🤖 AI Summary
This paper addresses the challenge of adapting large language models (LLMs) to new tasks with extremely limited labeled examples. We propose and systematically evaluate *context distillation*—a method that internalizes few-shot task demonstrations into model parameters, thereby expanding the set of effective in-context examples available at inference time. For the first time, we conduct a unified empirical comparison of context distillation, in-context learning (ICL), and few-shot fine-tuning (FT) under identical experimental conditions, using OPT-family models and cross-domain evaluation on the MOBAH matching dataset. Results show that context distillation matches ICL in in-domain and out-of-domain accuracy while significantly outperforming ICL in generalization. Moreover, it achieves this with only 10–20% of the training data and computational cost required by FT, offering a compelling trade-off among high performance, strong cross-domain generalization, and computational efficiency—establishing its unique advantage for few-shot adaptation.
📝 Abstract
Large Language Models (LLMs) demonstrate proficiency across diverse tasks but often require targeted adaptations for specific applications. Various methods have been proposed to facilitate this adaptation, including fewshot fine-tuning, in-context learning, and context distillation. This paper specifically investigates context distillation a method that extends the utility of task-specific examples by internalizing them, thus augmenting the example set accessible for model inference.

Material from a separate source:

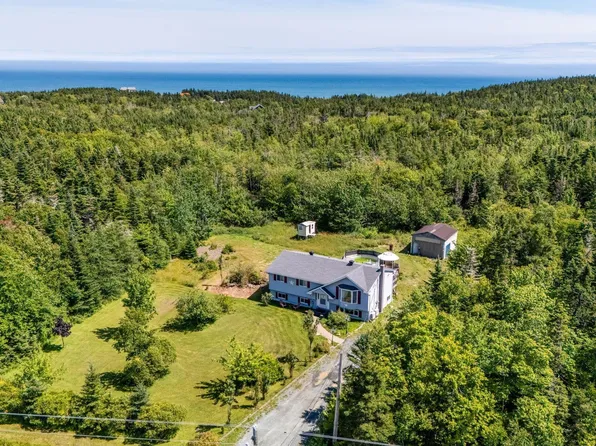 419 Dyke Rd, Cow Bay, NS B3G 1K6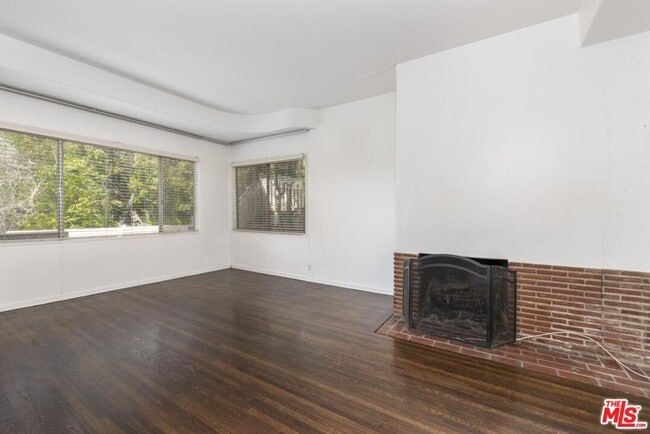 Building Photo - 3043 Hollycrest Dr Rental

We conduct a comparative analysis of context distillation with in-context learning (ICL) and few-shot fine-tuning (FT), aiming to ascertain the efficacy of context distillation in adapting models using minimal in-context examples. Employing matched datasets from Mobach, our experiments leverage OPT models of various sizes. The results indicate that context distillation effectively adapts models, with student models attaining comparable in-domain and out-of-domain accuracies to in-context learning. Although context distillation surpasses ICL in out-of-domain generalization, it does not achieve the performance levels of FT. However, the reduced dataset size and computational demands position context distillation as a viable alternative, especially for smaller datasets. Overall, this study presents context distillation as an efficient and potent method for customizing LLMs to specific tasks.